L’intervista del senatore al "Giornale" nel ’99 stravolta nello show di Fazio e Saviano. L’ideologo accusato di voler legalizzare le cosche era solito fare ragionamenti provocatori. Secondo la sua tesi il Sud avrebbe dovuto "costituzionalizzare alcune manifestazioni tipiche"

Ci chiama fabbrica del fango poi ci manipola contro Miglio

L’ultima invenzione della premiata ditta Fabio Fazio & Roberto Saviano: far dire a un morto che la Lega è l’alleata naturale della mafia. È accaduto, a spese dei teleutenti Rai, nell’ultima puntata di Vieni via con me. Come? Riesumando un’intervista col professor Gianfranco Miglio che Stefano Lorenzetto raccolse per Il Giornale nel marzo del 1999, nella tenuta di Domaso, sul lago di Como, un anno e mezzo prima che l’insigne costituzionalista cessasse di vivere. E riportata dall’autore anche nel libro Dimenticati (Marsilio). Un’intervista dai toni volutamente surreali, in cui Miglio, com’era nel suo stile, duellava con Lorenzetto spargendo iperboli e paradossi a ogni risposta.
E Roberto Saviano che fa? Senza citare la fonte (e come avrebbe potuto riferire ai suoi supporter che stava attingendo dall’odiata «macchina del fango» del Giornale? avrebbe irrimediabilmente inficiato tutto il suo ragionamento), estrapola un’unica frase per sostenere che l’ideologo della Lega si definiva a favore del «mantenimento anche della mafia e della ’ndrangheta». «Insomma», ha concluso l’autore di Gomorra, «Miglio diceva che le mafie devono essere costituzionalizzate».
Sarebbe bastato leggere che cosa precedeva quel botta e risposta di 11 anni fa per capire come Miglio estremizzasse il suo pensiero per il solo gusto della provocazione.
Non avendolo fatto la faziosissima compagnia di giro di Vieni via con me, provvede Il Giornale.
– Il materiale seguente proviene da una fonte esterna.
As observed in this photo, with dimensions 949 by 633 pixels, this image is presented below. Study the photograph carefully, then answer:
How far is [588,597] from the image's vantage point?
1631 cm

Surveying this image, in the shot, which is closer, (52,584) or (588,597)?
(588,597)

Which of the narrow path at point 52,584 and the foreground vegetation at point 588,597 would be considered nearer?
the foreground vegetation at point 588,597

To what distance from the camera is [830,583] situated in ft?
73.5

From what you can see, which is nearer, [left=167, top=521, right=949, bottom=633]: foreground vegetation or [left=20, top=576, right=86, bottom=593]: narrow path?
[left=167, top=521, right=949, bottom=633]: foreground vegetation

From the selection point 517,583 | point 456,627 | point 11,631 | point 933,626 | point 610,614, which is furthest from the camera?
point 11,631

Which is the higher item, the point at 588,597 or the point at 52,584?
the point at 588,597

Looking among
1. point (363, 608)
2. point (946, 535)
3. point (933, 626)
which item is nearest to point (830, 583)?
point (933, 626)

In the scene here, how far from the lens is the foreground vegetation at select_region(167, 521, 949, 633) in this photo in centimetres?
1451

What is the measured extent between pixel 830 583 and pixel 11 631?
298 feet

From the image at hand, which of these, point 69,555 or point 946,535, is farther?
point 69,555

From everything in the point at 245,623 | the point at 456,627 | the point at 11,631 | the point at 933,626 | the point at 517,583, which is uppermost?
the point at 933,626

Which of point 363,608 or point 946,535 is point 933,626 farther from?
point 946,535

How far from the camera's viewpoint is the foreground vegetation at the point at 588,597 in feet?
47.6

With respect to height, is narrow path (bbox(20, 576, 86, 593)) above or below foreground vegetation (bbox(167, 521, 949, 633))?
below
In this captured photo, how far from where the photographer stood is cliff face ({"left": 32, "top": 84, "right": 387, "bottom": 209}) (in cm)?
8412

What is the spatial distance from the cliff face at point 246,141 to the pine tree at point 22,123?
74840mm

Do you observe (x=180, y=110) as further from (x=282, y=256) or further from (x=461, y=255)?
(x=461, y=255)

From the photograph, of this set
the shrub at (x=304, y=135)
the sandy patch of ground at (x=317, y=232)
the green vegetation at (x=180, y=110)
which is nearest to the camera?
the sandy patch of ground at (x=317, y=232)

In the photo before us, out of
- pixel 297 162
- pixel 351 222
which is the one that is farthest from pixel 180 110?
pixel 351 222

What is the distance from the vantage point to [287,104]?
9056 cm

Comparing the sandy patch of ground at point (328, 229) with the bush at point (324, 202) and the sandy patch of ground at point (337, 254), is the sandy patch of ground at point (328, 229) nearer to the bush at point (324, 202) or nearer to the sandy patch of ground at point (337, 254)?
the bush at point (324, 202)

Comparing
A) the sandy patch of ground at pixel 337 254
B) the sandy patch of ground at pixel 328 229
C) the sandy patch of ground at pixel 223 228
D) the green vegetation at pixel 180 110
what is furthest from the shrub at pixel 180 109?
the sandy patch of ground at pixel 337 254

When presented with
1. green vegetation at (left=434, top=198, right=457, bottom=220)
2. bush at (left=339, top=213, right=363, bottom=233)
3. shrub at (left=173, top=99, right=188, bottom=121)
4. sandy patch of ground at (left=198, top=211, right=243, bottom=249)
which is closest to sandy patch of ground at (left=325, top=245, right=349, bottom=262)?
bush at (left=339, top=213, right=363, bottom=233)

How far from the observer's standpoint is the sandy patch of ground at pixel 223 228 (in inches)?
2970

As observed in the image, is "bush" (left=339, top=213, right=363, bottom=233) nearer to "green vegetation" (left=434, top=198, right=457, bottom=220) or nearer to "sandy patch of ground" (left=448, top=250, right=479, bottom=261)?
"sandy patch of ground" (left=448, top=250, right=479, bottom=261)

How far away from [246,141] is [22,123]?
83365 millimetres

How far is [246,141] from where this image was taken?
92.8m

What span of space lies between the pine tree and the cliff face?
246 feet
Qui di seguito alcuni estratti.
Che cos’hanno di tanto diverso nordisti e sudisti?
«Il modo stesso di concepire la vita. Noi abbiamo nelle vene sangue barbaro, siamo legati al negotium, al lavoro. I meridionali invece vivono per l’otium, il dolce far nulla, i sollazzi, un totale disprezzo per la fatica. Questa è la storia dei due popoli. Una differenza antropologica, inutile star lì. Detto questo...».
Detto questo?
«Riconosco che i meridionali sono stati danneggiati dall’unificazione. Il loro inserimento nel Regno è avvenuto soltanto per effetto della spedizione garibaldina. Da lì in avanti lo Stato unitario li ha sempre fregati. Ogni volta che appariva all’orizzonte una prospettiva finanziaria, il Nord se ne appropriava. È dalla fine degli anni Cinquanta che cerco una via per raddrizzare questo Stato unitario».
L’ha trovata nel federalismo?
«Tutti ne parlano e nessuno sa che cos’è, neppure i vescovi del Veneto».
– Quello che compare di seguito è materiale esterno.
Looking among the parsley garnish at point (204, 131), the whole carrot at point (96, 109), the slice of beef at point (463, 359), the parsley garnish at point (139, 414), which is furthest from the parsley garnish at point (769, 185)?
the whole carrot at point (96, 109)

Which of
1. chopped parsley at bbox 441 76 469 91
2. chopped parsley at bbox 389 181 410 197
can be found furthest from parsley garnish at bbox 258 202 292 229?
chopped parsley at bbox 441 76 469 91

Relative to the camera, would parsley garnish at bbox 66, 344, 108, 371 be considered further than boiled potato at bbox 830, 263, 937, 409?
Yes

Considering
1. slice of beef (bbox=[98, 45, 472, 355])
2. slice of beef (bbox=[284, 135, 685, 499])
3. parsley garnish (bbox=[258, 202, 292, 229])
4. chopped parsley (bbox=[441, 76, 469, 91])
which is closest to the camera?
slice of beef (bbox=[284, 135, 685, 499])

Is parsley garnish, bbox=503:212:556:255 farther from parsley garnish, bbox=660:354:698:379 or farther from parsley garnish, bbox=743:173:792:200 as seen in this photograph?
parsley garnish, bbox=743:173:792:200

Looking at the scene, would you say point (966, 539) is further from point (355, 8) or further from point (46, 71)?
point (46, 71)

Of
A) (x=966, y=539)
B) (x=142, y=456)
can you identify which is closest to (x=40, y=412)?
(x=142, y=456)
In concreto: tre cantoni, Nord, Centro e Sud?
«Esatto. Il reddito complessivo della Basilicata è un quarantesimo di quello della Lombardia. Ci vuole un equilibrio fra i componenti della federazione e il contenitore federale. Altrimenti le differenze producono differenze».
Quindi poveri con poveri e ricchi con ricchi?
«Non è proprio così. Diciamo che la Lucania deve batter cassa con le regioni del Sud. Del resto non è colpa nostra se il Nord gode di condizioni geoeconomiche migliori. La Padania l’ho inventata io negli anni Sessanta e adesso la Fondazione Agnelli ha dimostrato che se stesse per conto suo sarebbe la più ricca regione d’Europa».
Però accanto ai tre cantoni lei continua a prevedere le cinque regioni a statuto speciale. Perché?
«Perché hanno combattuto per la loro indipendenza. La Sicilia contro l’armata di Nino Bixio. La Valle d’Aosta contro l’esercito di De Gaulle. L’Alto Adige contro l’ottusità di Roma. Tutti dimenticano che gli statuti speciali sono in realtà armistizi, concessi a queste regioni prima della Costituente».
Professore, da quarant’anni predica il federalismo ma non c’è verso di vederlo fiorire. Come mai?
«Perché gli italiani sono ignoranti. Io gli ho cucinato il piatto in tutti i modi. Non vogliono saperne di mangiarlo».
Ogni cantone avrebbe le sue leggi?
«Certo. Non si può dare lo stesso diritto civile e penale a tutte le regioni. Lei capisce che la vendetta per tradimento, consumata abitualmente al Sud, non è concepibile al Nord».
Mi faccia capire: il codice meridionale dovrebbe consentire a un marito cornificato di farsi giustizia da solo?
«Di più. Io sono per il mantenimento anche della mafia e della ’ndrangheta. Il Sud deve darsi uno statuto poggiante sulla personalità del comando. Che cos’è la mafia? Potere personale, spinto fino al delitto. Io non voglio ridurre il Meridione al modello europeo, sarebbe un’assurdità. C’è anche un clientelismo buono che determina crescita economica. Insomma, bisogna partire dal concetto che alcune manifestazioni tipiche del Sud hanno bisogno di essere costituzionalizzate» (...)
Fin qui Miglio. Va detto che, passati 15 anni, il crac vaticinato non c’è ancora stato. Per fortuna.

Altrimenti Fazio e Saviano avrebbero incolpato la Lega anche di quello.